Spirit Fransiscus dan Muslim
Sumiati Anastasia  ;  Alumnus Program Master University of Birmingham,
Studi Relasi Islam-Kristen
JAWA POS, 16 Maret 2013

  
KARDINAL Jorge Mario Bergoglio akhirnya terpilih sebagai paus. Sebagaimana pemilihan paus terdahulu, liputan media kali ini begitu luar biasa. Ini menunjukkan betapa paus dan negara kecil Vatikan secara geopolitik memiliki posisi signifikan dalam percaturan global dewasa ini.

Menarik bahwa paus berdarah Italia dan berkebangsaan Argentina itu memilih nama Fransiskus. Sebagaimana dikutip CNN, pakar soal Vatikan John Allen berpendapat, nama Fransiskus itu merujuk pada salah seorang tokoh yang paling dihormati di Gereja Katolik, yakni Santo Fransiskus dari Asisi, Italia. Dia adalah lambang kerendahhatian, kesederhanaan, dan keberanian untuk melintas batas-batas agama (passing over) demi menjalin persaudaraan dengan semua orang.

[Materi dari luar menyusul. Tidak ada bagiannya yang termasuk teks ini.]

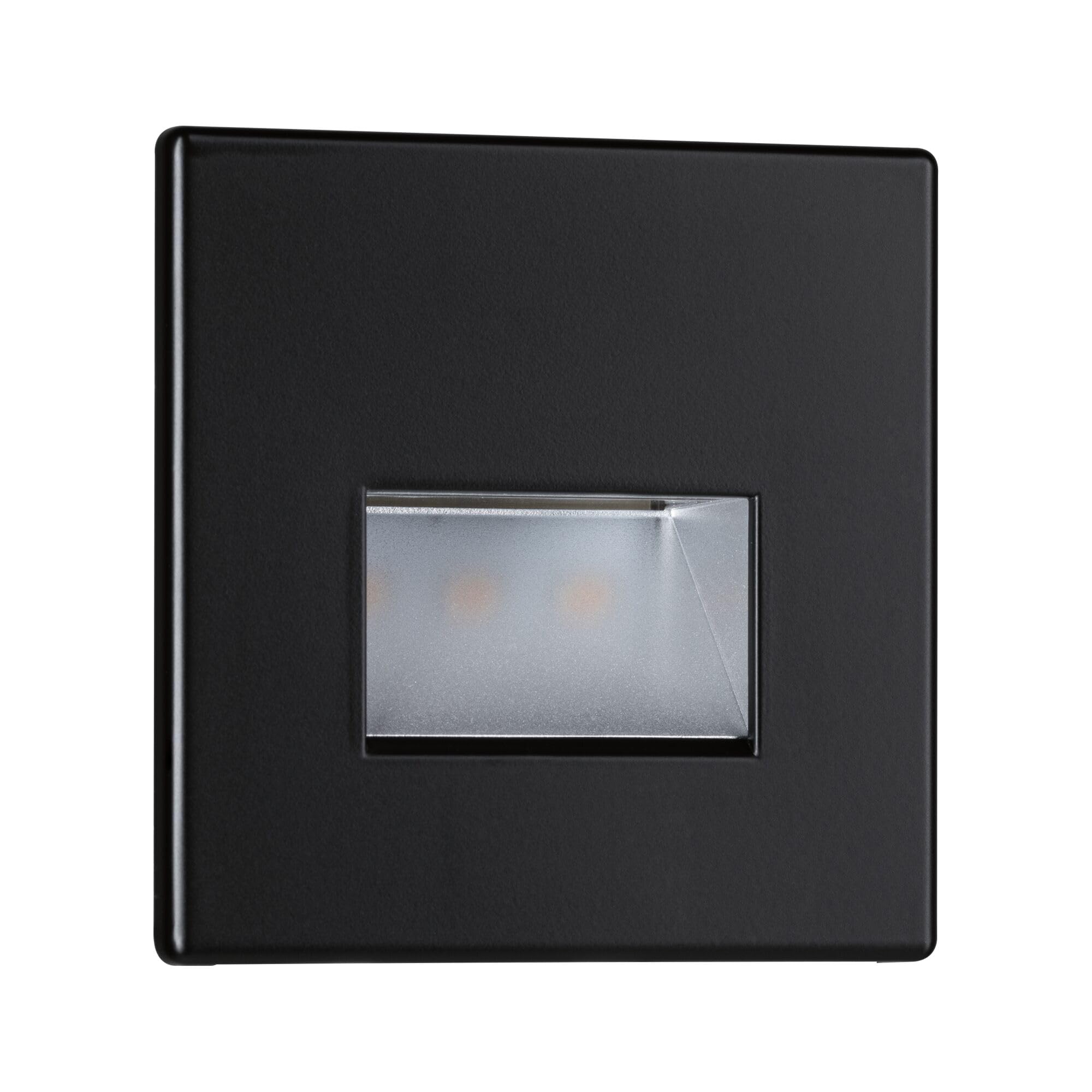 Paulmann 93094 oprawa wpuszczana LED opr. wpuszcz. w ścianę Edge Quadro zest 80x5mm 50lm 230V kwadr w zest. 1x1,2 W Outdoor Czarny mat tw. szt. 2700K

Jika kita flashback dalam sejarah relasi Islam dan Kristen, Fransiskus punya peran monumental. Pada 1219, ketika Perang Salib tengah berkecamuk antara kaum Kristen dan kaum muslim guna memperebutkan hegemoni atas Yerusalem (Al-Quds), Fransiskus dengan ketulusan dan kerendahan hati pergi ke tepi Nil, Mesir, menemui Sultan Malik al-Khamil yang notabene adalah musuh gereja. Al-Khamil adalah keponakan Sultan Salahuddin Al Ayyubi (Saladin), pahlawan muslim legendaris melawan kaum salib.

Fransiskus hadir sambil mengaku diri sebagai orang Kristen. Tentu itu sebuah tindakan berani, mengingat ketika itu permusuhan sedang panas. Fransiskus ternyata diterima untuk berdiskusi beberapa hari dan membuktikan Islam ternyata cinta damai (Islam dari kata aslama, berarti damai). Bahkan, menurut situs www.hidupkatolik.com, Fransiskus sangat terkesan pada lantunan azan di tengah masyarakat muslim. Dia ingin penanda semacam itu dilakukan di wilayah kristiani. Digunakanlah lonceng angelus sore hari sebagai penanda doa.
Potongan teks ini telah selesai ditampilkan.